Susan M. Yates, January 21st, 2011

I have a pretty high tolerance for mundane television. But, with months of buzz in the ADR community around Fairly Legal, a new show about a California mediator, I was not expecting mundane TV. Prior to last night’s pilot episode, the talk in ADR circles was about how television would treat mediation. Now we have seen it and I must say my main reaction was that this was standard uninspired and uninspiring TV. Even I had to make myself keep watching this show just to see how they dealt with mediation.

The mediation setting may be new, but the characters are the same old TV characters. The mediator is a spunky-sexy woman running around the city in Charles Louboutin stilettos. She has a complicated relationship with her ex, a bad relationship with her step-mother, and a cutesy relationship with her assistant.
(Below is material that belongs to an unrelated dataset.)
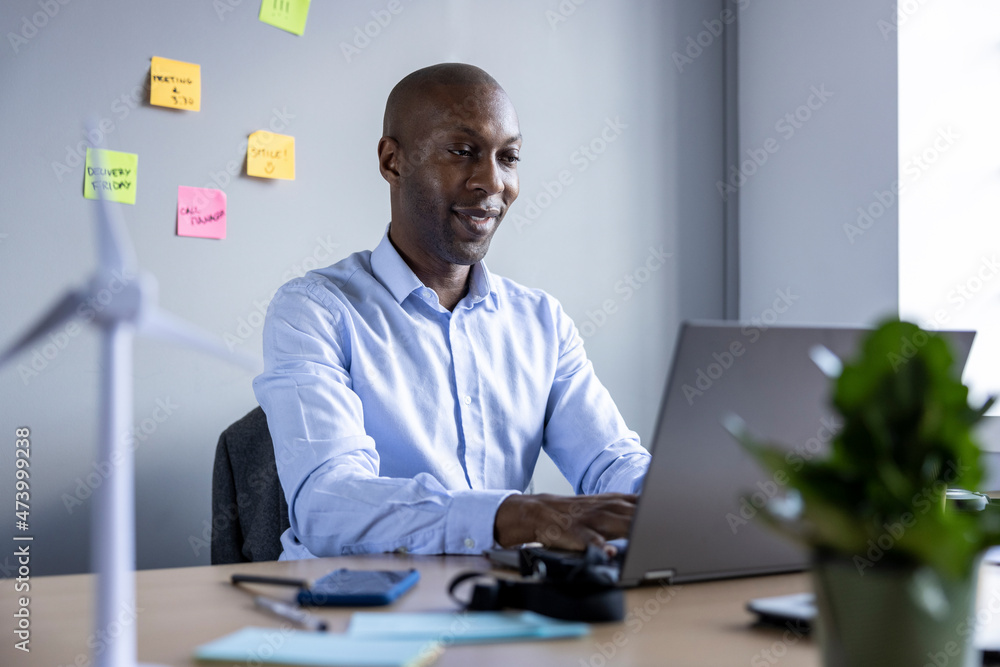 Businessman working on laptop at office Businessman working on laptop at office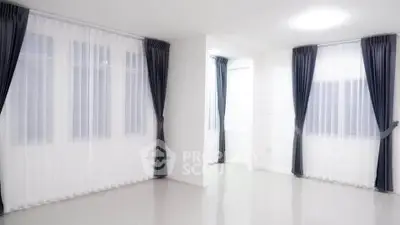 Spacious modern living room with large windows and elegant curtains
As for how mediation is portrayed, they got some of it right (someone like the judge might very well equate mediation and all of ADR) and some of it wrong (who would leave the parties alone in a conference room waiting for a late mediator?). Some of it was just plain odd (what mediator goes to a prosecutor – repeatedly – to get charges dropped to help settle a civil mediation?). I don’t mind that we didn’t hear about confidentiality or neutrality; I didn’t really expect that. But I was hoping for at least an entertaining show. Alas. Maybe the next mediation show actually will be engaging.